Issue 4216 - slapd terminates unexpectedly
Summary: slapd terminates unexpectedly
Status: VERIFIED FIXED
Alias: None
Product: OpenLDAP
Classification: Unclassified
Component: slapd (show other issues)
Version: unspecified
Hardware: All All
: --- normal
Target Milestone: ---
Assignee: OpenLDAP project
URL:
Keywords:
Depends on:
Blocks:
 
Reported: 2005-11-25 15:43 UTC by james.macnider@bridgewatersystems.com
Modified: 2014-08-01 21:05 UTC (History)
0 users

See Also:


Attachments

Note You need to log in before you can comment on or make changes to this issue.
Description james.macnider@bridgewatersystems.com 2005-11-25 15:43:57 UTC
Full_Name: James MacNider
Version: 2.1.6 and 2.2.29
OS: Solaris 8
URL: 
Submission from: (NULL) (216.113.7.2)


I think this may be the same issue as was previously reported in ITS# 3567 which
was previously closed.

I have been seen the slapd server exit (gracefully, no core) under high load
when using the NULL backend that is included as part of the OpenLDAP
distribution.  I've been able to reproduce this almost at will with versions
2.1.6 and 2.2.29 of the OpenLDAP slapd process.  I'm using SLAMD (www.slamd.org)
to generate the load. 

Tracing through the code it again seems to be that the problem is getting an
ENOSYS code back from the call to select(), as in ITS# 3567.  Because I'm using
the null backend I can't see how this defect could be in the backend code as
suggested in ITS# 3567.  It is of course possible that this is a defect in
Solaris and not OpenLDAP, but that has yet to be proven one way or the other.

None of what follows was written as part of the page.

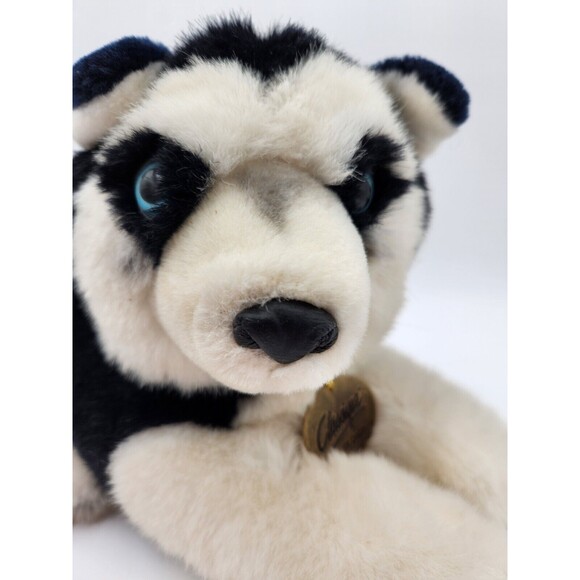 Vintage 1988 Dakin Classique Siberian Husky Dog Plush Blue Eyes 11" - Picture 3 of 9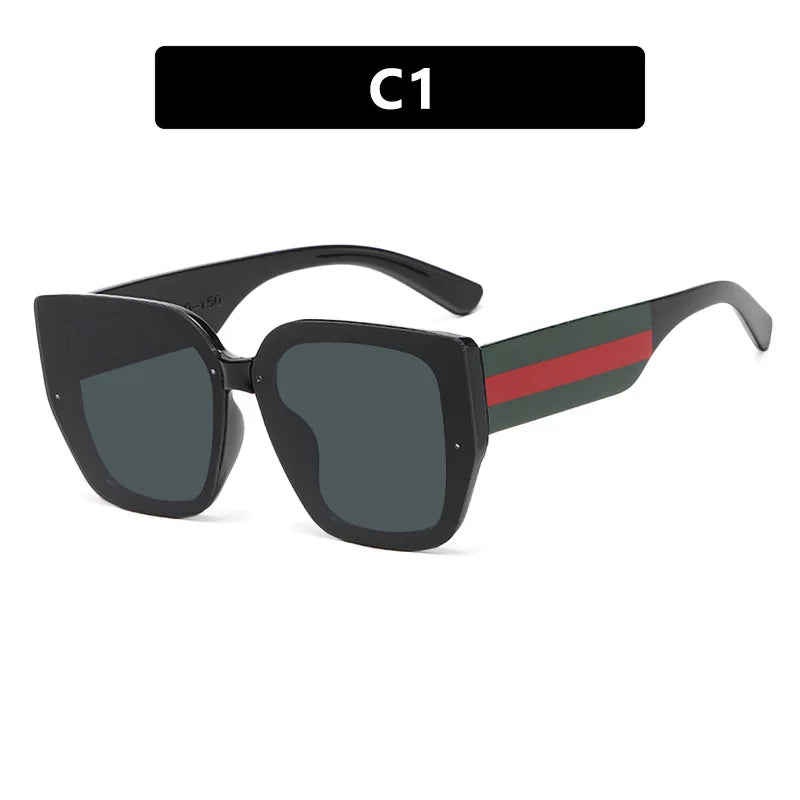 Polygonal Mix Color Concave Shape Sunglasses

Comment 1 james.macnider@bridgewatersystems.com 2005-11-25 15:59:12 UTC
Note: www.slamd.org should read www.slamd.com 

-----Original Message-----
From: openldap-its@OpenLDAP.org [mailto:openldap-its@OpenLDAP.org] 
Sent: Friday, November 25, 2005 10:44 AM
To: James MacNider
Subject: Re: (ITS#4216) slapd terminates unexpectedly


*** THIS IS AN AUTOMATICALLY GENERATED REPLY ***

Thanks for your report to the OpenLDAP Issue Tracking System.  Your
report has been assigned the tracking number ITS#4216.

One of our support engineers will look at your report in due course.
Note that this may take some time because our support engineers are
volunteers.  They only work on OpenLDAP when they have spare time.

If you need to provide additional information in regards to your issue
report, you may do so by replying to this message.  Note that any mail
sent to openldap-its@openldap.org with (ITS#4216) in the subject will
automatically be attached to the issue report.

	mailto:openldap-its@openldap.org?subject=(ITS#4216)

You may follow the progress of this report by loading the following URL
in a web browser:
    http://www.OpenLDAP.org/its/index.cgi?findid=4216

Please remember to retain your issue tracking number (ITS#4216) on any
further messages you send to us regarding this report.  If you don't
then you'll just waste our time and yours because we won't be able to
properly track the report.

Please note that the Issue Tracking System is not intended to be used to
seek help in the proper use of OpenLDAP Software.
Such requests will be closed.

OpenLDAP Software is user supported.
	http://www.OpenLDAP.org/support/

--------------
Copyright 1998-2005 The OpenLDAP Foundation, All Rights Reserved.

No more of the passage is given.